In ihren unterschiedlichen Facetten schleicht sich die Gewalt in den Alltag, die Familie, das Haus ein und ist zu diesem Zeitpunkt bereits zu einer Gewohnheit geworden: «Die Gewalt zieht ins Haus wie ein unsichtbarer Gast. Manchmal wird sie laut. Dann wieder leise. Sie sitzt in den Ritzen, sie mischt sich mit dem Kondenswasser, das am Morgen die Fensterscheiben beschlägt. Je länger ich im Haus blieb, umso mehr gewöhnte ich mich an die Gewalt, lernte, mich ihr zu unterwerfen, um sie auszuhalten.»
Archiv der Befreiung
Pevelings Entscheidung für eine Erzählform, die die persönliche Reflexion einer gewaltbetroffenen Frau mit feministischer Theorie verbindet, ist im besten Sinne erkenntnisfördernd. Eindrücklich ist die bildhafte Sprache, die den Schmerz und die Ungewissheit, die erzwungene Isolation, aber auch die Hoffnungsfähigkeit und Stärke von Betroffenen offenlegt. Gewaltbetroffene, so Peveling an einer Stelle, müsse man sich als schlafwandelnde Seiltänzerinnen vorstellen: «Eine Frau in einer Gewaltbeziehung weiss in den meisten Fällen nicht wohin, es gibt nicht viele Türen, die ihr offenstehen, dafür aber viele Fallen. Sie balanciert als schlafwandelnde Seiltänzerin über einem steilen Abgrund. Erschöpft durch die dauerhafte emotionale Belastung, bedrängt von den Einschüchterungen, den verletzenden Worten, den Schlägen, den Geldsorgen, tänzelt sie mit unsicheren Schritten auf dem Seil ihrer Liebe.»

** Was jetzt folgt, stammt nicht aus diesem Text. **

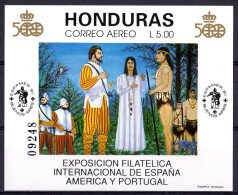 Honduras 1991, Discovery Of America, BF - Indiens D'Amérique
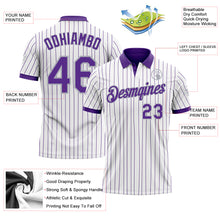 Laden Sie das Bild in den Galerie-Viewer, Custom White Purple Pinstripe-Gray Performance Polo Shirt
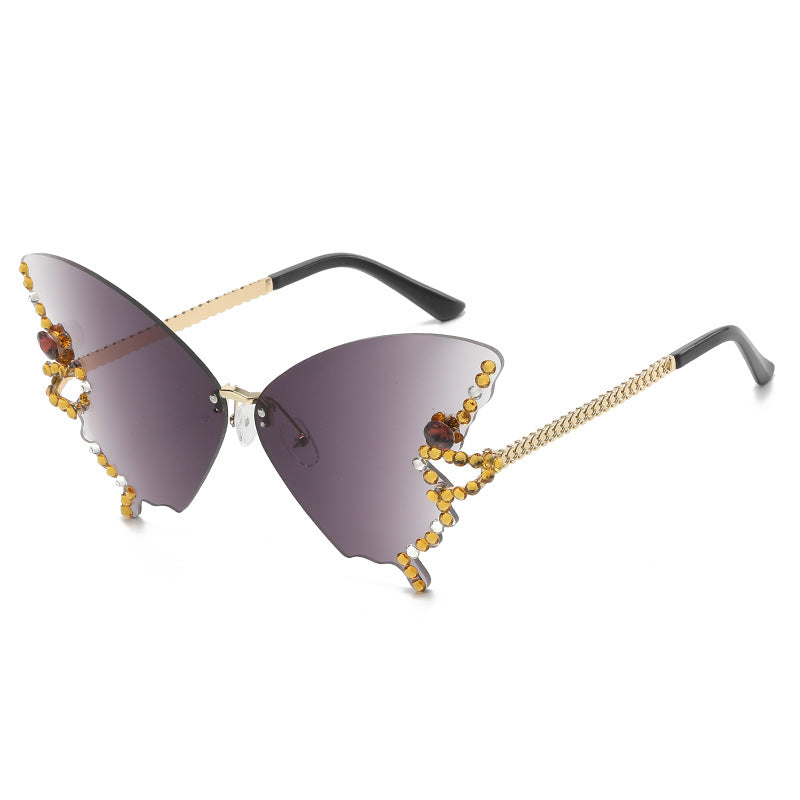 Wholesale Butterfly Shape Diamond Rimless PC Sunglasses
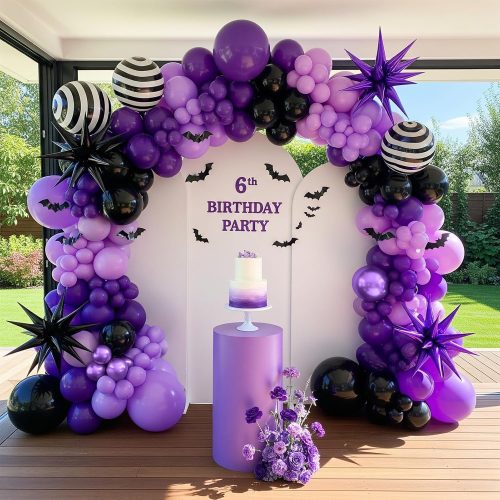 CT0821ZRA1576GT_1 Summerween Purple and Black balloon garland Kit 130pcs with starbur mylar balloons for Gothic Theme Party Balloons For TV series fans Birthday Halloween Decorations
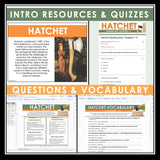 Hatchet Unit Plan - Gary Paulsen Novel Study Reading Unit - Digital Version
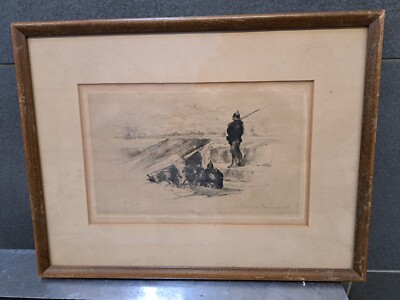 Auguste Lançon, ''sur la route de Gonesse'', Druck/Radierung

Auch die Kapitel des Essays folgen bildhaften Spuren, eingestreuten Erinnerungen und kulturellen Narrativen – darunter «Honeymoon», «Glasglocke» oder «Sabotage» –, die gegen die Gewalt im Haus anschreiben und gesammelt zu einer Art Archiv der Befreiung werden. Was Peveling zuerst als Roman angedacht hatte, ist zum Zeugnis einer Ermächtigung geworden, das mit Fiktion nichts zu tun hat: «Als ich anfing, diese meine Geschichte aufzuschreiben, wusste ich noch nicht, dass ich damit einen Faden aufgriff, der mich durch ein Labyrinth hinaus in eine Gegenwart führen würde, in der ich mich nicht mehr fremdbeherrschen und beeinflussen lasse, und dass ich erst mit dem Erzählen nicht nur die Deutungshoheit über meine eigene Geschichte zurückgewann, sondern auch die über mein Leben und meine Zeit.»
Jeden Tag nehmen Frauen und Gewaltbetroffene diesen Faden auf. Pevelings Buch zeigt eindrücklich, was sie auf diesem Weg brauchen: Hoffnung, umfassende, auch materielle Unterstützung und eine Gemeinschaft, die die erfahrene Gewalt bezeugt. «Sororität, Geschwisterlichkeit», schreibt Peveling, «ist ein Mittel gegen häusliche Gewalt.»